Accurate anatomic localization of foci of increased metabolic activity can be difficult or impossible at stand alone PET, particularly in the abdomen and pelvis, which are characterized by a lack of reliable identifiable anatomic structures and variable physiological FDG uptake.
The characterization of malignant bone lesions with FDG PET via:
1) Evaluation of the signal intensity of foci on the basis of semiquantitative standardized uptake value measurements (greater than 2.5).
2) Visual assessment of signal intensity by means of comparison to physiologic structures such as the liver, bowel, and background soft tissue.
3) Visual assessment of the focality (focal or diffuse and single or mltiple) and location of each lesion.

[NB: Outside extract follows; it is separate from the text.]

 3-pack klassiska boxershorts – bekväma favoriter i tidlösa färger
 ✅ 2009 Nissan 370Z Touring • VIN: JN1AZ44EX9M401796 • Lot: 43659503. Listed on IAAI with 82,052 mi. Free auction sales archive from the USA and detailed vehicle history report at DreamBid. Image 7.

Malignant bone lesion seen at PET-CT is characterized with activity that is much greater than that of the liver, (SUV>2.5), focal (not diffuse), away from sites of physiological uptake or showing higher uptake than underlying physiological structure as well as morphological disruptions seen at CT of same bone lesion (lytic, sclerotic or mixed lesions harboring soft tissue component, endosteal scalloping, cortical breakthrough, periosteal reaction, expansile appearance, or associated pathologic fracture ) .
So lesion with activity that is less than that of the liver, SUV<2.5 and diffuse with benign CT features can confidently be diagnosed as benign bone lesion.
An understanding of the principles of PET/CT and recognition of its limitations are important for the optimal use of this imaging modality.
In general, malignant lesions show 18F-FDG activity equal to or greater than liver activity, although benign entities like inflammatory lesions and hypermetabolic lesions may also show increased 18F-FDG uptake giving false positive FDG uptake results so visualization of the bone metastasis is difficult with stand alone PET.
False negative PET findings can result if bone lesions are either sclerotic nature or non FDG avid. High neighboring background activity can also obscure FDG uptake.
Lesions presenting on PET/CT as sites of increased uptake with normal CT findings (showing neither benign nor malignant changes) or presented by malignant CT findings with negative co-registered FDG PET images, can be categorized on PET/CT interpretation as inconclusive.
The PET and CT interpretations can be discordant. This poses a relatively frequent diagnostic dilemma when interpreting these examinations and proved to be a large impetus for deeper analysis (e.g. MRI and Biopsy).